§ **AIM OF THE TASK**: From the line that contains "Levelland Daily Sun" to the final line below, both included, print each line exactly and skip the pictures.
[Opening EXCERPTED RECORDS section]
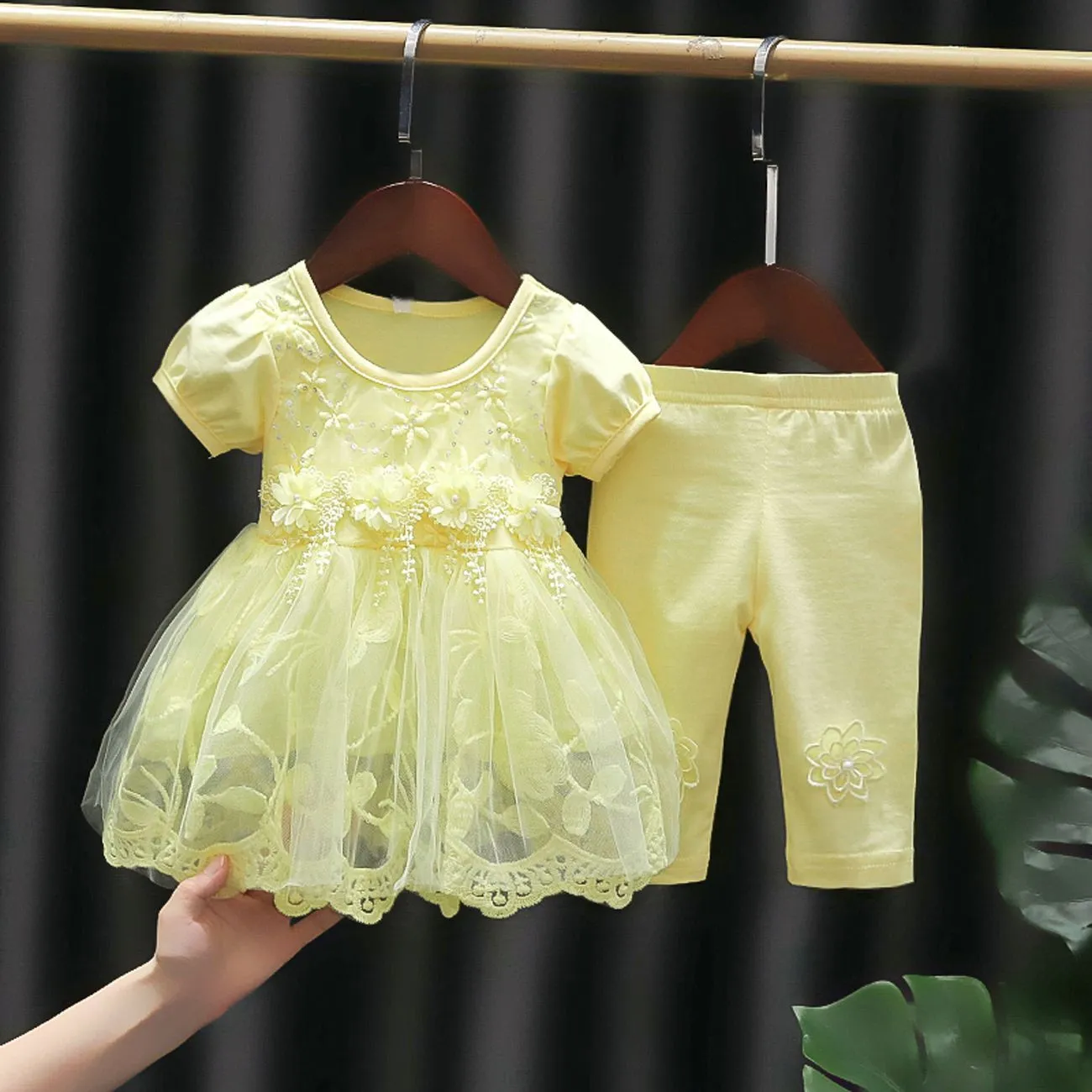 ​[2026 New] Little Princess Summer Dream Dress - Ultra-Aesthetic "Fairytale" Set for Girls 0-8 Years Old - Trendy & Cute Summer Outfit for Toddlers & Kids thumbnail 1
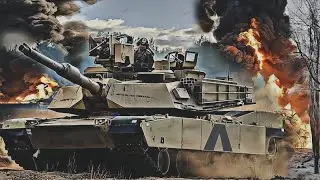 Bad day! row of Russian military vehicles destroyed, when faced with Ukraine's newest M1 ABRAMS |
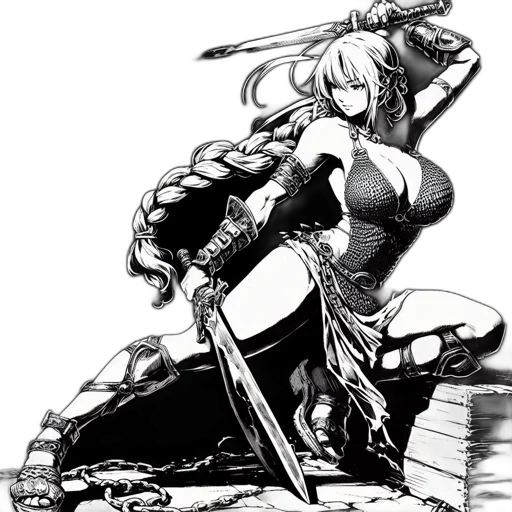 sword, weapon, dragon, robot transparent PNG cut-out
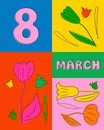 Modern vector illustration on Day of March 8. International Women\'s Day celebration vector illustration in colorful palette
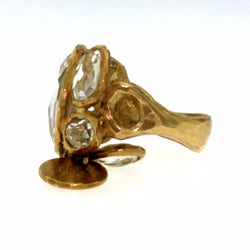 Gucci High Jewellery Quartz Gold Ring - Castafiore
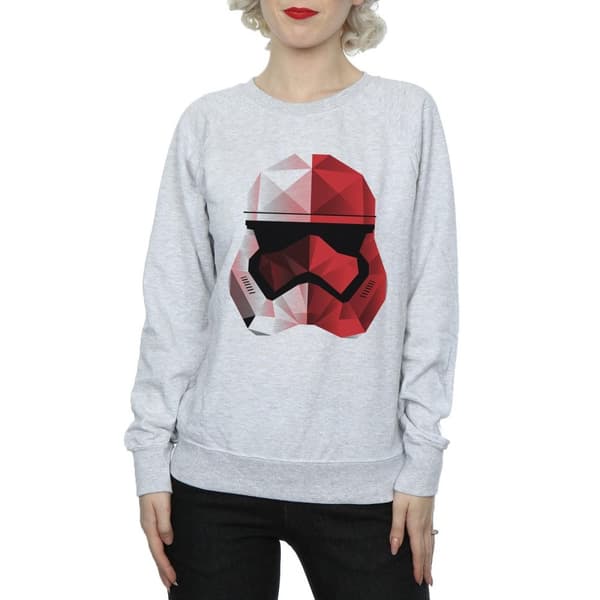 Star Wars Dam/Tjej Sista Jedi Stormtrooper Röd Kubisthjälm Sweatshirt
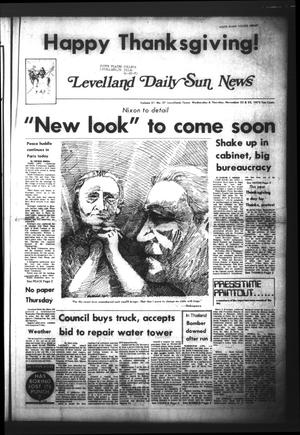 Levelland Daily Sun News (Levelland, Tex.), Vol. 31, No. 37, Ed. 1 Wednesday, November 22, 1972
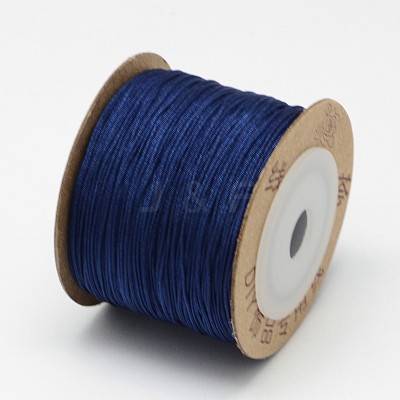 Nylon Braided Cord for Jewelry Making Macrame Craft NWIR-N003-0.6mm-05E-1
[Closing EXCERPTED RECORDS section]
§ **OUTPUT OF THE EXERCISE**:
 Levelland Daily Sun News (Levelland, Tex.), Vol. 31, No. 37, Ed. 1 Wednesday, November 22, 1972
 Nylon Braided Cord for Jewelry Making Macrame Craft NWIR-N003-0.6mm-05E-1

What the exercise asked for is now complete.